Naquele tempo tudo era diferente. Por exemplo: - a torcida
tinha uma ênfase, uma grandiloquência de ópera. E acontecia esta coisa sublime:
- quando havia um gol, as mulheres rolavam em ataques. Eis o que empobrece
liricamente o futebol atual: - a inexistência do histerismo feminino. Difícil,
muito difícil, achar-se uma torcedora histérica. Por sua vez, os homens torciam
como espanhóis de anedota. E os jogadores? Ah, os jogadores! A bola tinha uma
importância relativa ou nula. Quantas vezes o craque esquecia a pelota e saía
em frente, ceifando, dizimando, assassinando canelas, rins, tóraces e baços
adversários? Hoje, o homem está muito desvirilizado e já não aceita a
ferocidade dos velhos tempos. Mas raciocinemos: - em 1911, ninguém bebia um
copo d’água sem paixão.
Passou-se. E o Flamengo joga, hoje, com a mesma alma de 1911.

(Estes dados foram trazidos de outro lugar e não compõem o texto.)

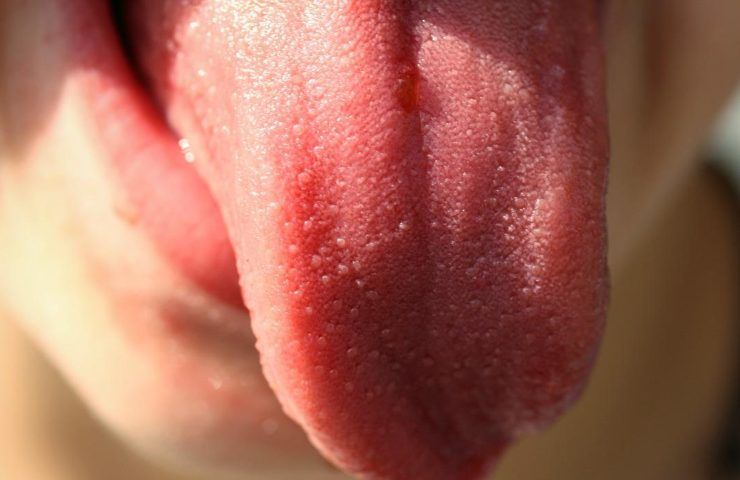 lingua carenza vitaminica 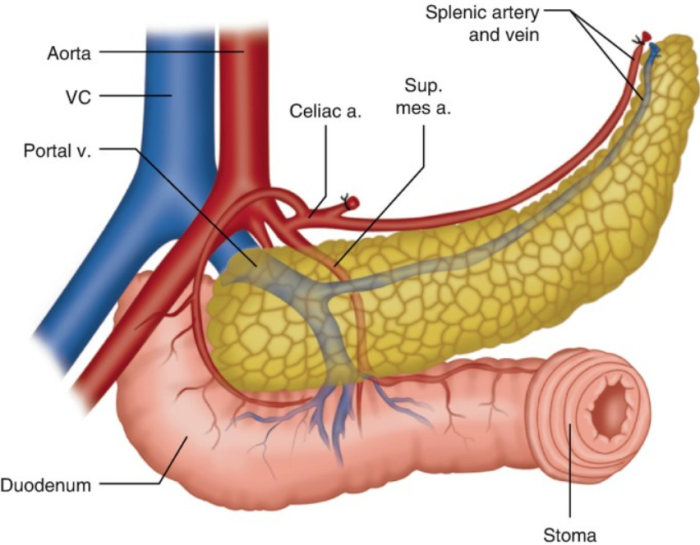 Why Pancreas Transplants are Performed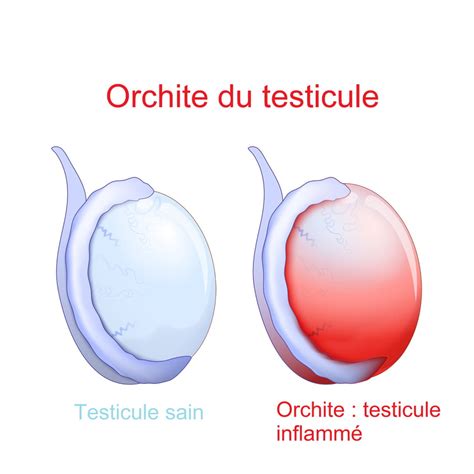 Du tubercule du testicule et de l'orchite tuberculeuse. - A guide for using the cricket in times square in the classroom.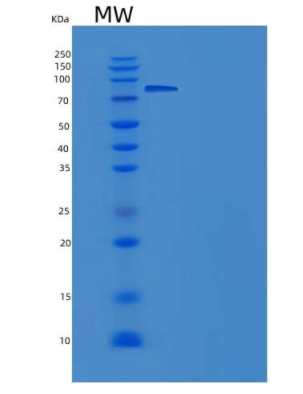 Recombinant Rat EphA4 Protein (Fc tag),Recombinant Rat EphA4 Protein (Fc tag)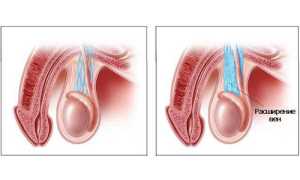 Почему из члена может идти кровь?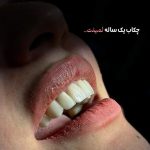 بهترین مرکز تخصصی ایمپلنت در بندرعباس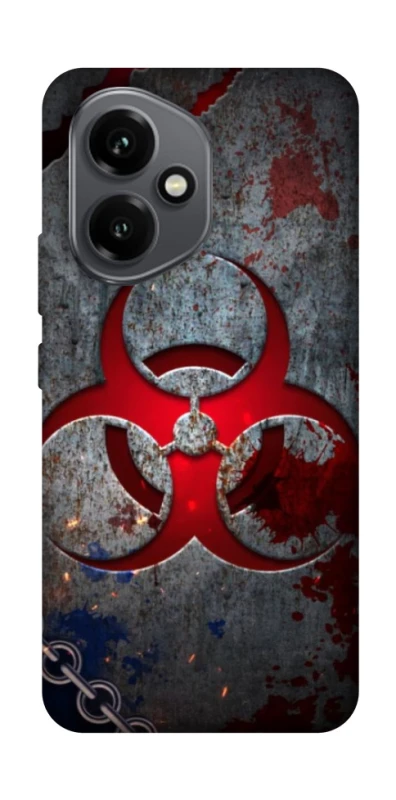 Чехол на Honor 400 Радиация v3 фото 1 из 1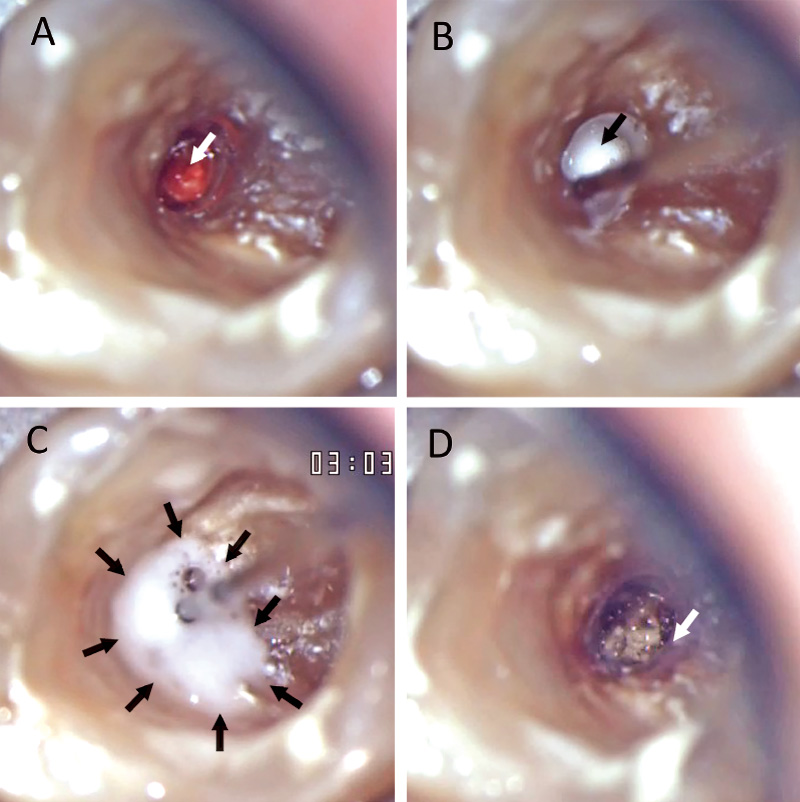 [写真] 口蓋根への通電時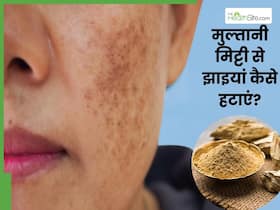 मुल्तानी मिट्टी से झाइयां कैसे हटाएं? जानें 3 तरीके, जिनसे दूर होंगे दाग-धब्बे और कालापन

Admite, é claro, as convenções disciplinares que o futebol moderno exige. Mas o
comportamento interior, a gana, a garra, o élan são perfeitamente inatuais. Essa
fixação no tempo explica a tremenda força rubro-negra. Note-se: - não se trata
de um fenômeno apenas do jogador. Mas do torcedor também. Aliás, time e torcida
completam-se numa integração definitiva. O adepto de qualquer outro clube
recebe um gol, uma derrota, com uma tristeza maior ou menor, que não afeta as
raízes do ser. O torcedor rubro-negro, não. Se entra um gol adversário, ele se
crispa, ele arqueja, ele vidra os olhos, ele agoniza, ele sangra como um César
apunhalado. Também é de 1911, da mentalidade anterior à Primeira Grande Guerra,
o amor às cores do clube. Para qualquer um, a camisa vale tanto quanto uma
gravata. Não para o Flamengo. Para o Flamengo, a camisa é tudo. Já tem
acontecido várias vezes o seguinte: - quando o time não dá nada, a camisa é
içada, desfraldada, por invisíveis mãos. Adversários, juízes, bandeirinhas
tremem então, intimidados, acovardados, batidos. Há de chegar talvez o dia em
que o Flamengo não precisará de jogadores, nem de técnicos, nem de nada.
Bastará a camisa, aberta no arco. E diante do furor impotente do adversário, a
camisa rubro-negra será uma bastilha inexpugnável.